Your instructions
Reproduce the records below exactly as they are written.

== Data for this exercise ==

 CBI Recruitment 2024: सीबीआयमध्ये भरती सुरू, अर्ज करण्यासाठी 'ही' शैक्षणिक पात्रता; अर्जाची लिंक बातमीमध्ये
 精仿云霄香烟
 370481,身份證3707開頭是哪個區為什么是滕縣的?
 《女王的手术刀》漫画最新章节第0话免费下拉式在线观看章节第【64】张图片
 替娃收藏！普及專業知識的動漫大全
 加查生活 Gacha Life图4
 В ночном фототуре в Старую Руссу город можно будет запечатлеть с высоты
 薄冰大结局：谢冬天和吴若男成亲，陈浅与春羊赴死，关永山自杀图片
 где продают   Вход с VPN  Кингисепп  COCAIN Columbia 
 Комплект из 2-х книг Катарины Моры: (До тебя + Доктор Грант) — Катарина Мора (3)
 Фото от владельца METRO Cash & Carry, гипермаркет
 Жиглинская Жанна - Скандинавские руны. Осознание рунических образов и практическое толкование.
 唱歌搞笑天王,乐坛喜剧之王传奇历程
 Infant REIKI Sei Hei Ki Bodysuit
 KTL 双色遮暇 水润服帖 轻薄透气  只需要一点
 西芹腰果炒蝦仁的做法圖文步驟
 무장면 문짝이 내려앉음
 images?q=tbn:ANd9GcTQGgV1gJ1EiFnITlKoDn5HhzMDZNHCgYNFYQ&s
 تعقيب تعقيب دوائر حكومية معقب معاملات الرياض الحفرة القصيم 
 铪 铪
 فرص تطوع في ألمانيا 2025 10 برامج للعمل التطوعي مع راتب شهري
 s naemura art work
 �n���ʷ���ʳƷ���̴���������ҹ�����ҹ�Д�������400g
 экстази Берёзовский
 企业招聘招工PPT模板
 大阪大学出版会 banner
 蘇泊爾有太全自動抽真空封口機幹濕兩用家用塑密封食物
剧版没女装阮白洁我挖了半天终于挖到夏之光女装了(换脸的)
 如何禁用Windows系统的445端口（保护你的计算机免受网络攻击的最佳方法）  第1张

===

Written response
 CBI Recruitment 2024: सीबीआयमध्ये भरती सुरू, अर्ज करण्यासाठी 'ही' शैक्षणिक पात्रता; अर्जाची लिंक बातमीमध्ये
 精仿云霄香烟
 370481,身份證3707開頭是哪個區為什么是滕縣的?
 《女王的手术刀》漫画最新章节第0话免费下拉式在线观看章节第【64】张图片
 替娃收藏！普及專業知識的動漫大全
 加查生活 Gacha Life图4
 В ночном фототуре в Старую Руссу город можно будет запечатлеть с высоты
 薄冰大结局：谢冬天和吴若男成亲，陈浅与春羊赴死，关永山自杀图片
 где продают   Вход с VPN  Кингисепп  COCAIN Columbia 
 Комплект из 2-х книг Катарины Моры: (До тебя + Доктор Грант) — Катарина Мора (3)
 Фото от владельца METRO Cash & Carry, гипермаркет
 Жиглинская Жанна - Скандинавские руны. Осознание рунических образов и практическое толкование.
 唱歌搞笑天王,乐坛喜剧之王传奇历程
 Infant REIKI Sei Hei Ki Bodysuit
 KTL 双色遮暇 水润服帖 轻薄透气  只需要一点
 西芹腰果炒蝦仁的做法圖文步驟
 무장면 문짝이 내려앉음
 images?q=tbn:ANd9GcTQGgV1gJ1EiFnITlKoDn5HhzMDZNHCgYNFYQ&s
 تعقيب تعقيب دوائر حكومية معقب معاملات الرياض الحفرة القصيم 
 铪 铪
 فرص تطوع في ألمانيا 2025 10 برامج للعمل التطوعي مع راتب شهري
 s naemura art work
 �n���ʷ���ʳƷ���̴���������ҹ�����ҹ�Д�������400g
 экстази Берёзовский
 企业招聘招工PPT模板
 大阪大学出版会 banner
 蘇泊爾有太全自動抽真空封口機幹濕兩用家用塑密封食物
剧版没女装阮白洁我挖了半天终于挖到夏之光女装了(换脸的)
 如何禁用Windows系统的445端口（保护你的计算机免受网络攻击的最佳方法）  第1张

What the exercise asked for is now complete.